10.4324/9781315648125-2

Planning tools for shaping the urban spatial character

Generally governments only deal with planning issues as they affect human rights, more particularly because human expectations are important in the formulation of social, economic and environmental policy. Participation in the planning of the urban habitat, on the other hand, is a sphere of human rights that has generally not yet attained the political stature it deserves, despite being germane to the performance of urbanised communities in terms of their productivity and quality of life. The cultural priorities of the urban dweller – such as privacy, identity, community life, work and recreational opportunity – have not been given their rightful due for the invaluable clues they provide for the planning and design of the urban dwellers’ habitat. Physical planning methodologies need to advance beyond identifying goals solely through intuition, and should provide an impartial and rational outcome.
Many methods employ environmental quality indices to measure levels of unemployment, aggregations of income and education or information about living standards but say nothing of use about spatial planning or objectives. “Environmental assessment methodologies in widespread use today can be catalogued into four major groups: the overlay mapping, matrix, index and modelling approaches” (Sondheim, 1978: 28). The overlay mapping techniques of McHarg, published in 1969, became popular since the method relied on maps already available from government surveys, but the definition of some environmental attributes may have been too limited. Often the use of indices can assist towards developing environmental indicators, such as Kreisel’s 1983 model, for describing the existing environment, for forecasting trends in environmental quality and for identifying existing environmental impacts, but they are not universally accepted as reliable units of measure. In fact, Craik and Zube (1976: 165) conclude that “few, if any, perceptions of environmental quality indices have achieved the status of standard reliable measures.” Such data are likely to be of more use to urban sociologists than designers and planners of the urban social space.

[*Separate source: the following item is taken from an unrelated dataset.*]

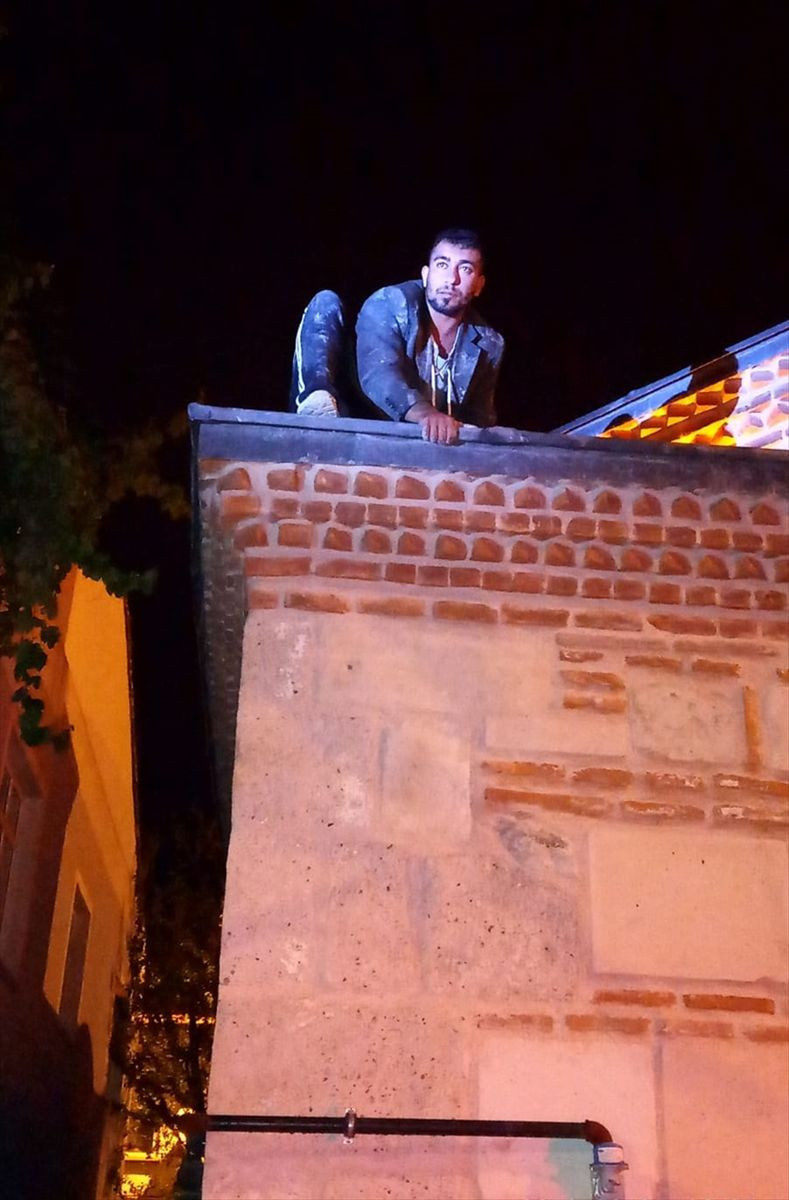 Kütahya'da tarihi camideki levhaları çalarken suçüstü yakalandılar - Resim: 4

Existing and new directions

Public space, viewed mainly as a shell or container with the emphasis on morphological structure and functional use, ignores its ever-changing meaning, as well as its context and ongoing dynamics between social actors, their cultures and struggles. The key role of space in enabling opportunities for social action, the fluidity of its social meaning and the changing degree of ‘publicness’ of a space remain unexplored fields of academic enquiry and professional practice (Tornaghi and Knierbein, 2015).
Attributes of urban space are abstract and sentient by nature and need to be related to the performance of the urban space components. Researchers perceive urban space attributes to be universal and invariant across cultures encompassing, inter alia, the need for social encounter, aesthetic appeal, identity of self and community, functionality, social amenity, privacy, safety, economic opportunity, recreational options, and the enriching presence of nature.
From a more specific perspective, the relationship between public space and democracy needs to be explored. In theorising democracy as a spatial practice, Hoskyns (2014: 6) explores “the idea of participating democracy as a space practice,” and examines “more theoretical aspects of democracy and public space through political philosophy and spatial theory.”
Cultural differences tend to determine perceptions by cognitive association. These differences are important factors that should be captured meaningfully in any procedure that is focused on defining planning and design parameters. Whether canvassing specialist or lay opinion, it is important to recognise that cultural differences determine perceptions of environmental quality. Variables likely to affect priorities in socio-cultural preference modelling and the resultant design and planning directives would be influenced by: psychological, social and cultural factors that recognise life-cycle nuances; personal priorities relating to age and sex; economic and physical context factors generally; prevailing environmental attitudes, such as in the developing world; and the political mechanisms by which decisions are made with, for or on behalf of an urban population. It is rational to employ modelling procedures that enable these cultural priorities to inform the design of urban social space in a constructive and directly responsive way.
The methodology presented in this book is an adaptation of an environmental assessment method developed by Sondheim (1978) into a design and planning tool with the emphasis on psycho-social aspects of urban living, or the wellbeing of the urban dweller. The focus is therefore a creative approach that reduces the high degree of risk for the urban designer and planner as agents representing the interests of the end-users, the main stakeholders. There is a significant difference between the integrative nature of this method and other psychometric evaluation procedures, which tend to isolate the specialist from the end-user.
At the heart of the adapted Sondheim matrix methodology is the process of transforming the spatial performance goals (SPGs) into urban design and planning primers (PPs). The urban designer or planner as a principal agent would then be better placed to ensure that optimum norms, cultural traditions or conventions, ergonomics, design criteria or best opportunities are in direct response to the expectations of the urban dweller.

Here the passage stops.